Beberapa waktu yang lalu kehebohan mengenai guna trotoar muncul ketika seorang gubernur memiliki gagasan yang tak populer. Saya tak ambil pusing, toh saya tak tinggal di ibukota. Hanya saja, saya senang mencermati komentar-komentar warganet tentangnya. Sebagian besar mengritik gagasan tersebut, kebanyakan dengan pilihan kata tanpa etika.
Persoalan trotoar memang pelik di negara ini. Konsep ruang publik ini tak dihargai sama seperti di kebanyakan negara lain. Meski bukan satu-satunya negara yang tak menghormati hak pengguna trotoar, buat saya harusnya tetap ada aturan yang ditaati.
Pemikiran saya tentu terlalu idealis, sebab mengandaikan negara ini memiliki satu pusat hukum yang diakui setiap warga negara dan wilayahnya. Nyatanya, kekuasaan ada di mana-mana, termasuk di sepanjang trotoar.
Sebagian warga merasa berkuasa untuk mencari penghidupan di sepanjang trotoar. Sebagian lagi merasa berkuasa untuk menjalankan kendaraan bermotor di atasnya. Sisanya merasa berkuasa untuk merusak, membuang sampah, atau membiarkannya berlubang selama bertahun-tahun tanpa melakukan apa-apa.

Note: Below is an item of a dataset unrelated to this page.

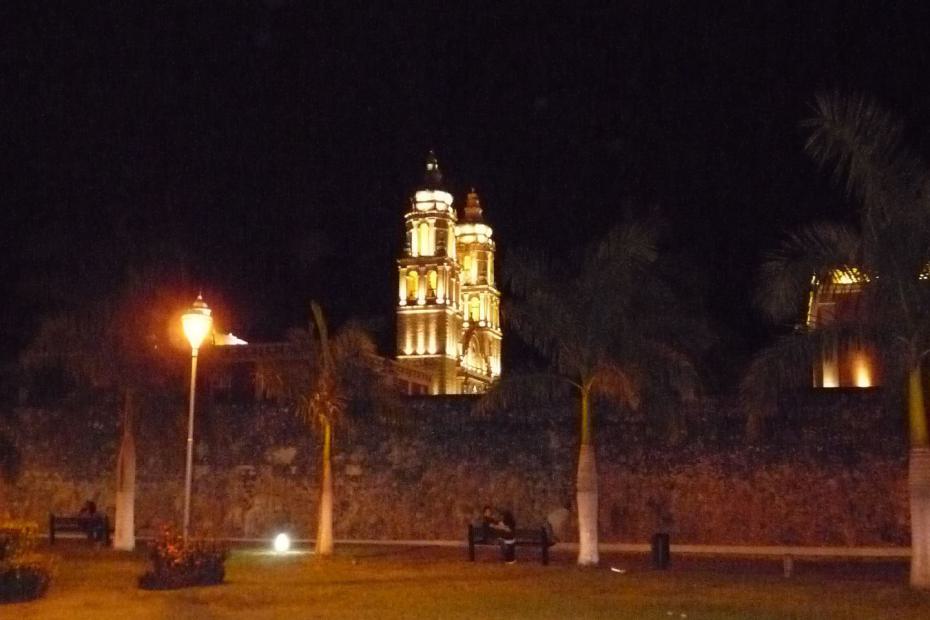 Mexiko: Fernsicht auf die Kathedrale von Campeche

Beberapa tahun lalu, saya menemui seorang teman berkebangsaan Austria di kantornya. Saya terkejut melihatnya berjalan terpincang-pincang sambil meringis kesakitan. Ternyata tulang keringnya memar dan lutut kanannya terluka. Ia bercerita bahwa sehari sebelumnya ia terperosok ke dalam lubang di trotoar jalan.
Mungkin karena masih kesal, ia mengomel tentang kondisi trotoar di Jakarta, dan merasa bahwa Pemda harusnya lebih memperhatikan kenyamanan para pedestrian. Entah kenapa, mendengar pendapatnya, saya pingin tertawa geli.
Iya, buat saya dia konyol sekali. Berpikir bahwa dia bisa jalan nyaman di trotoar sambil ngobrol-ngobrol seperti di negaranya. Kok bisa dia tak tahu bahwa trotoar memang di sini tidak dibikin untuk kenyamanan pejalan kaki?
Kosep trotoar di Indonesia memang dibuat berbeda. Trotoar adalah tempat dimana para pedestrian harus selalu melatih tingkat kewaspadaan, itupun kalau tidak kalah bersaing dengan para pedagang yang sejak subuh sudah tidak memberi tempat bagi pejalan kaki. Tentu saja ini bukan salah para pedagang itu. Mereka merasa berhak sebab sudah bayar retribusi setiap hari.
Juga bukan salah para penarik retribusi, sebab mereka cuma orang suruhan Pemda. Dan apakah menjadi salah Pemda jika mereka perlu dana untuk (seharusnya) memperbaiki trotoar? Jadi salah siapa dong?
Ya, yang salah adalah bule-bule naif semacam teman saya itu.
Ketika dia bilang bahwa mustinya masyarakat memperkarakan Pemda karena masalah lubang menganga di trotoar yang tidak ditutup selama bertahun-tahun itu, saya ingin merespons, “Kamu pasti sedang berkhayal,” tapi yang keluar dari mulut saya adalah, “ “Welcome to Indonesia, my friend.”